Dan Hust | Democrat
THE BURDEN OF travel for Sullivan County residents was a main reason cited by NYS Education Commissioner Richard Mills for rejected a bid to merge Sullivan BOCES with Ulster-Orange BOCES..
State nixes BOCES merger idea
By Jeanne Sager
LIBERTY The fear that’s weighed over Sullivan County BOCES since last summer has past.
Merger is off the table.
New York State Education Commissioner Richard Mills informed BOCES Board President Edward Furchak Jr. in a letter Tuesday that he has decided against forcing the county’s educational cooperative to join forces with its counterpart in Orange and Ulster counties.
For Sullivan BOCES, the news was met with a giant sigh of relief.
“We’re thrilled with the decision,” said Susan Schmidt, chief operating officer and assistant superintendent for finance and management services. “This gives BOCES new life.”
The office in Liberty was notified of a possible merger edict last summer when then-District Superintendent Dr.
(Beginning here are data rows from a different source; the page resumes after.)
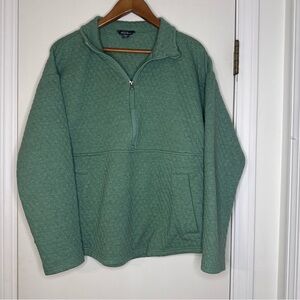 Eddie Bauer Green Quilted Quarter Zip Pullover Sweatshirt Large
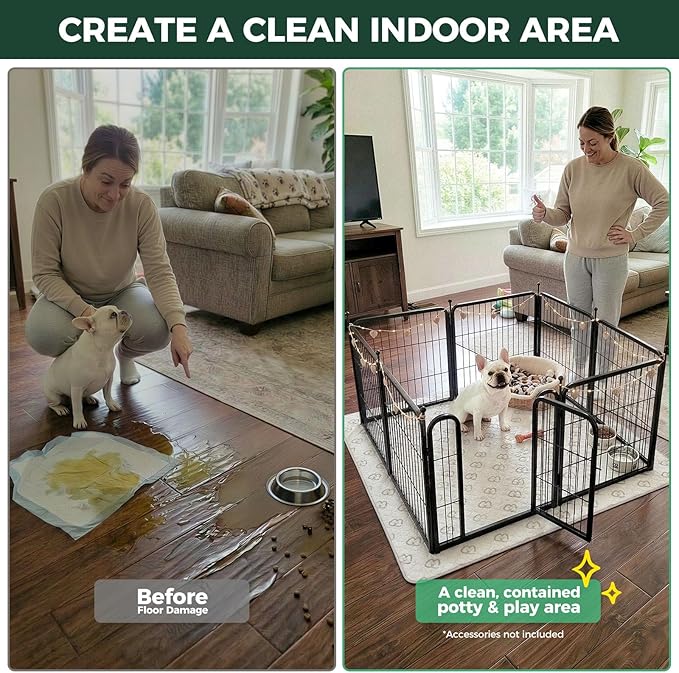 FXW Rollick Unleashed Dog Playpen for Indoor, Yard, RV Camping, 24 inch 8 Panels Dog Pen with Washable Pee Pad for Small and Puppy Dogs, Black│Patented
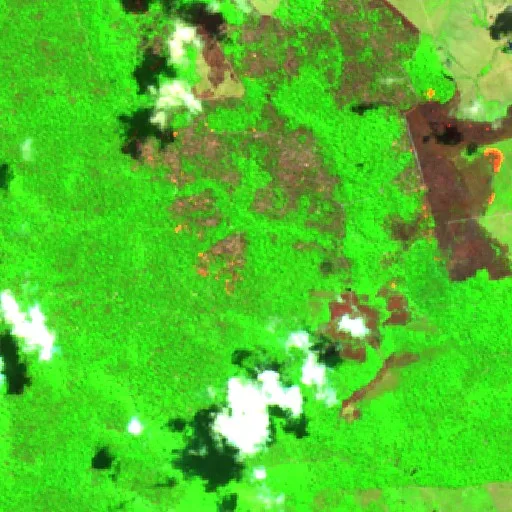 Incendio cerca de Morais Almeida (28 ago) — Sentinel-2 SWIR (fuego)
Martin Handler announced he would be stepping down from his post to pursue other career options.
Rather than allowing BOCES to kick off a search for Handler’s successor, the state informed the board that a look at merging the organization with the already consolidated Orange-Ulster BOCES would kick off immediately.
With an enrollment of around 10,000 students, Sullivan BOCES is well below the state’s suggested enrollment of 40,000 for a BOCES, making it a prime target for merger.
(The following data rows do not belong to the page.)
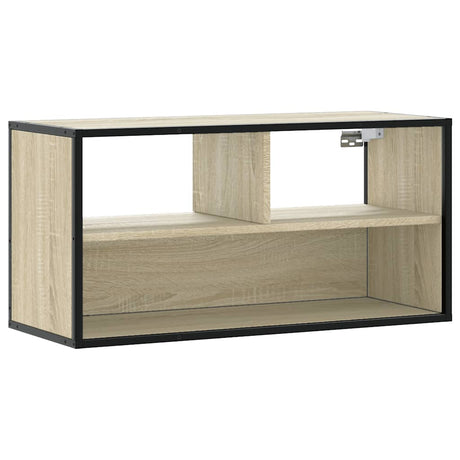 Vidaxl tv-meubel 80x31x39,5 cm bewerkt hout metaal sonoma eikenkleurig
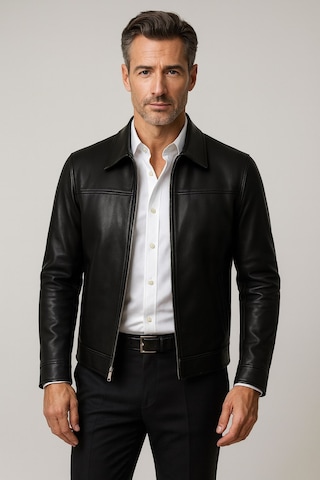 Deriwork Hakiki Kuzu Derisi Fermuarlı Erkek Ceket Siyah
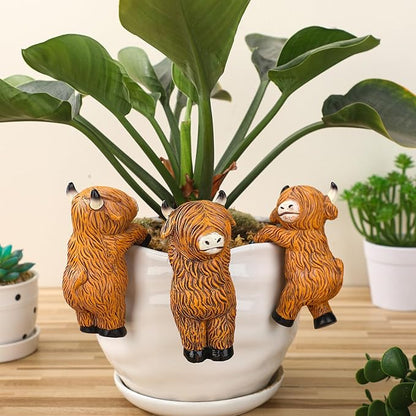 Set of 3 Flower Hugger Plant Decoration for Pot Highland Cow Resin Figurines Country Funny Animal Farmhouse Decorations for Planter Pots Hanging Farm Ornament Indoor Outdoor for Planter Lover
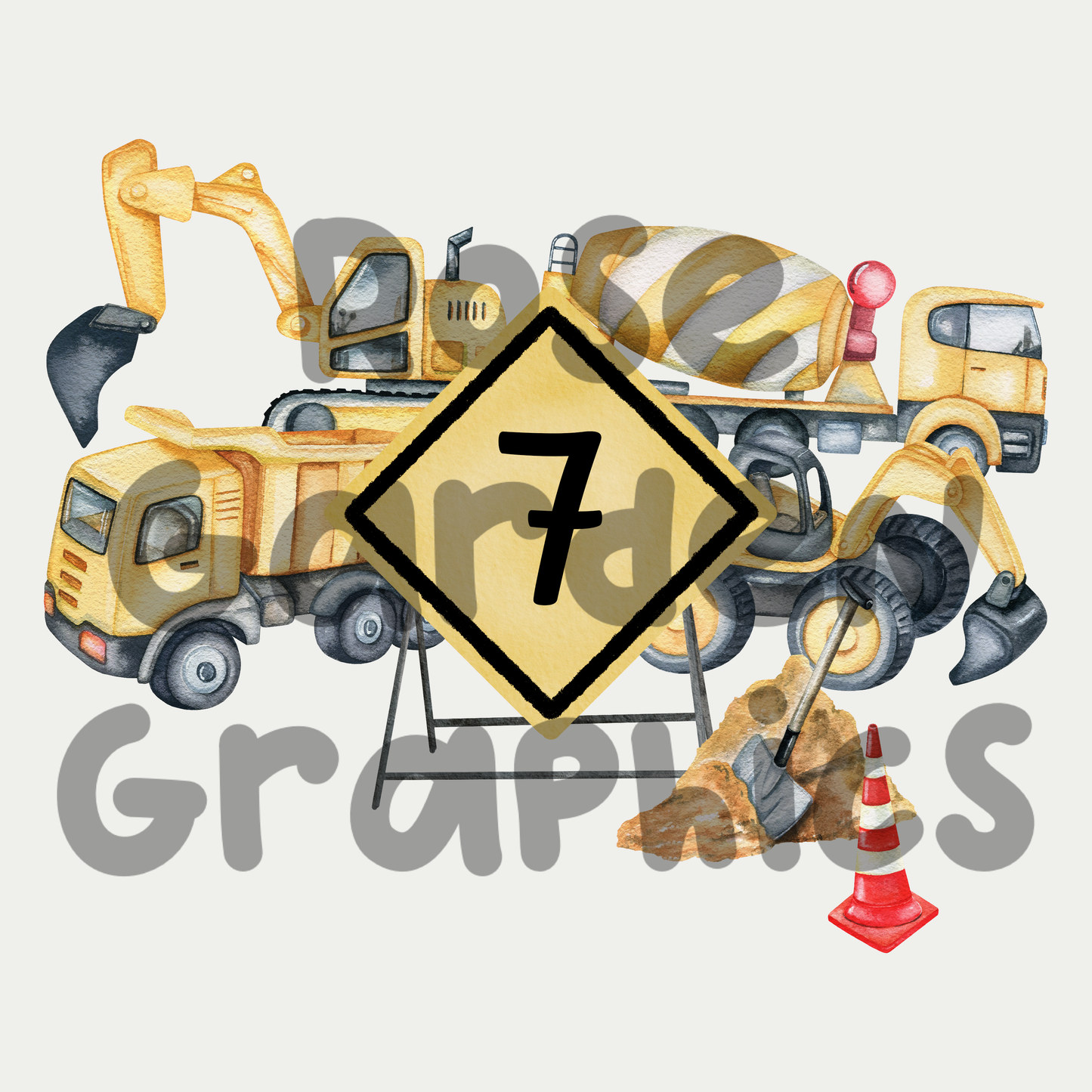 Construction Trucks Milestone PNG Collection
A survey taken in the fall was followed up with a study by the Rockefeller Institute of Government of the State University of New York over the winter months, with a public hearing on the proposal in February.
The results of all three landed on Mills’ desk for the head of state education to make the final decision.
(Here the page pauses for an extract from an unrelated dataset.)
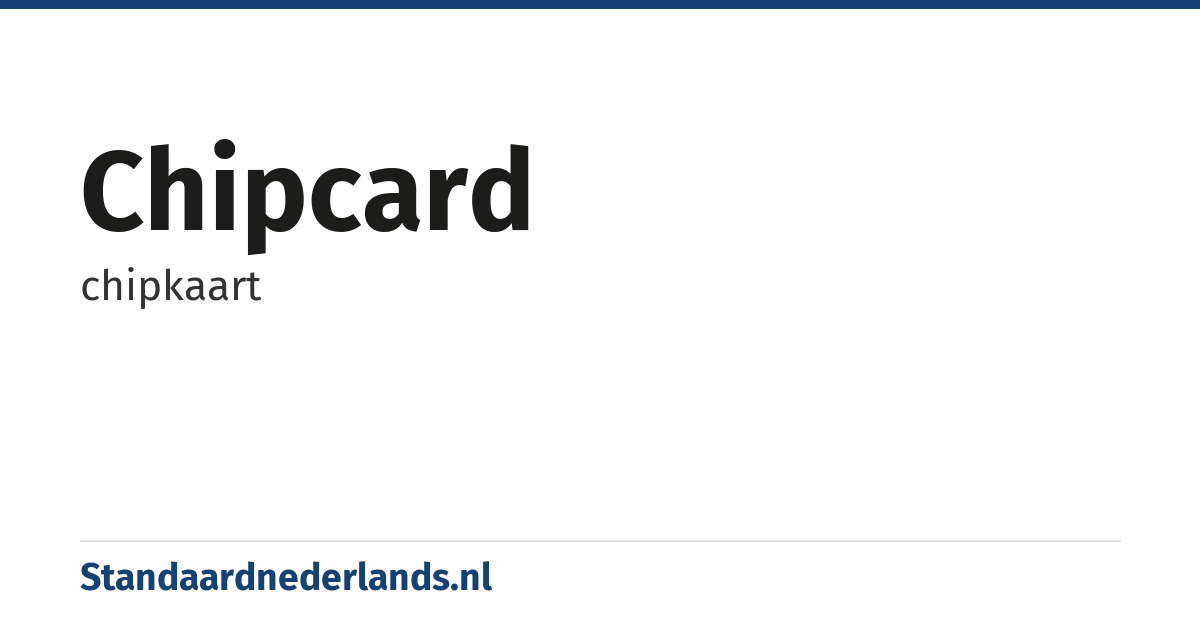 chipcard: chipkaart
“As commissioner,” he said, “I have determined that a merger between the sole supervisory district of Sullivan County and the sole supervisory district of Orange and Ulster counties is not the best course of action at this time.”
Mills cited one of residents’ chief concerns the large area a merged district would cover and the burden of travel it would put on students and educators among his reasons for reconsidering the state’s stance.
Also ranking high in the argument was a cost analysis that proved savings that may have been realized by the elimination of administration positions (with one central office created for the merged BOCES) would have been negated by the increased costs of paying educators.
Salaries at Orange Ulster BOCES are significantly higher than those in Sullivan County, and with a leveling up of the contracts, Mills said “the record does not establish a high probability that costs would be reduced.”
Even with the administration currently in place, the state found the Sullivan BOCES’ administrative budget was just 7 percent of its total budget. Compared to a state average of 6.5 percent, the state study determined that was not “unfavorable,” especially in light of the small enrollment.
Schmidt said her staff was buoyed by the realization on the state’s behalf that Sullivan BOCES is answering to the students.
According to Mills letter, “the record also shows that Sullivan BOCES appears to be meeting the special education needs of the students in its component districts.”
Career and tech programming, one of Sullivan BOCES’ strong suits, got a thumbs up for providing nineteen different paths for students compared to a state average of 20. What’s more, 92 percent of the students in career and tech at Sullivan BOCES actually finish the program.
Sullivan BOCES will be reporting on an annual basis to the state regarding both finances and student achievement.
“We’re going to have to be really innovative with our districts,” Schmidt said. “But everyone is really committed to that. We have a great group of superintendents.”